İlk kez gün yüzüne çıkan 150 yıl önceki fotoğraf ve belgeler, Osmanlı'nın Rumeli ve Kafkaslar'daki savaşlardan kaçan göçmenlere aynen günümüzde Türkiye'nin yaptığı gibi sahip çıktığını bir kez daha gözler önüne serdi.

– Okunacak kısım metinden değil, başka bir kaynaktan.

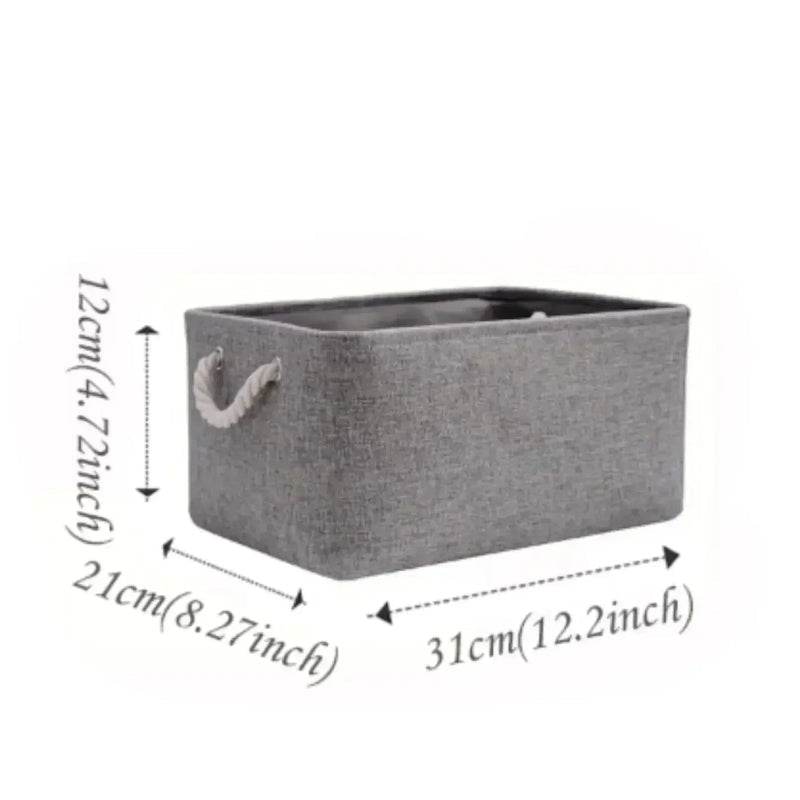 EMESA HOME Foldable Fabric Storage Box – Multi-Functional Splicing Basket with Handle for Toys, Clothes, Underwear & Socks Organizer S 1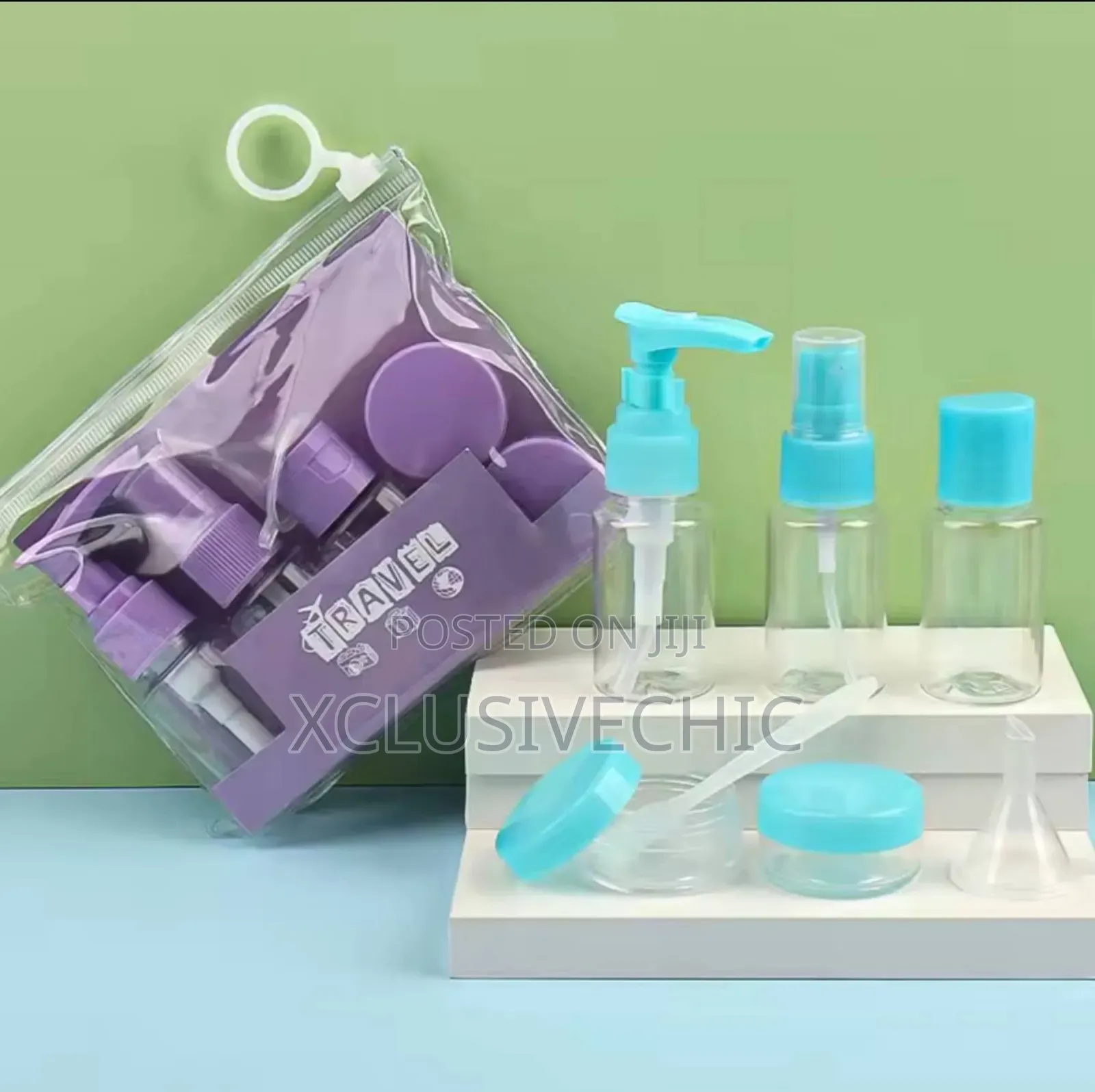 7pcs Travel Bottle Bag Wash Set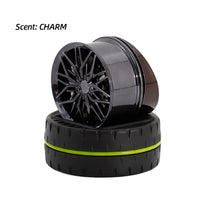 Solar Powered Rotating Wheel Hub Car Air Freshener | JDM Style Dashboard Perfume Diffuser & Aromatherapy Ornament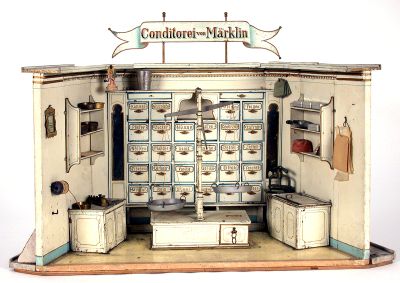 Verkaufsladen Conditorei von Märklin, um 1900-1905, Spielzeug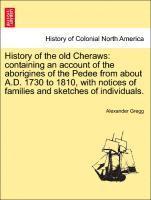 History of the old Cheraws 1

Göç İdaresi Genel Müdürlüğü tarafından Aralık 2018'de açıklanan verilere göre 3 milyon 611 bin 834 Suriyeli mülteci Türkiye'de bulunuyor. Bir kısmı, halk arasında "kamp" olarak bilinen geçici barınma merkezlerinde, bir kısmı ise şehirlerde yaşıyor. Türkiye'ye sığınan Suriyeli mülteciler, temel sağlık hizmetlerini Sağlık Bakanlığı tarafından kurulan göçmen sağlığı merkezlerinde alabiliyorlar. Kızılay ve AFAD gibi kurumlar da bu mültecilerin asgari yaşam koşullarının sağlanması ve ihtiyaçlarının karşılanması için düzenli ve sürekli çalışmalar yürütüyor.
FOTOĞRAF VE BELGELER
Savaşlar nedeniyle vatanlarını terk etmek zorunda kalanlara yardım eli uzatmanın medeniyetimizin bir gerçeği olduğunu gösteren fotoğraf ve belgeler ise arşivlerden çıktı. Cumhurbaşkanlığı Milli Saraylar İdaresi Başkanlığı arşivinde yer alan ve geçirdikleri restorasyon sürecinin ardından kamuoyu ile ilk kez paylaşılan 150 yıl öncesine, 19'uncu yüzyıl Osmanlı dönemine ait fotoğraf ve belgelerde, Beylerbeyi ve Dolmabahçe saraylarının muhacirlere açıldığını görüyoruz.
GÖÇMENLERE TAHSİS EDİLDİ
II. Abdülhamid'in ilk saltanat yıllarında Rusya ile yaşanan savaş (1877-78 Osmanlı-Rus Savaşı) sırasında Rumeli ve Kafkasya'dan göç eden muhacirler Beylerbeyi Sarayı'nın müştemilâtından Paşa Dairesi, Mızıka Dairesi ve Harem Ağaları Dairesi'nde iskân edilmişlerdi. Daha sonraki yıllarda da hastane olarak kullanılan bu dairelerde, 1887 yılının temmuz ayında İstanbul'da yaşanan büyük yangın sonrasında evsiz kalan bir grup yangınzede, geçici olarak barındırılmıştı. Arşiv belgelerinde, Beylerbeyi Sarayı'nın yanı sıra Dolmabahçe Sarayı'nın Harem bölümü ve Alemdar Kasrı'nın da muhacirlere tahsis edildiği yer alıyor.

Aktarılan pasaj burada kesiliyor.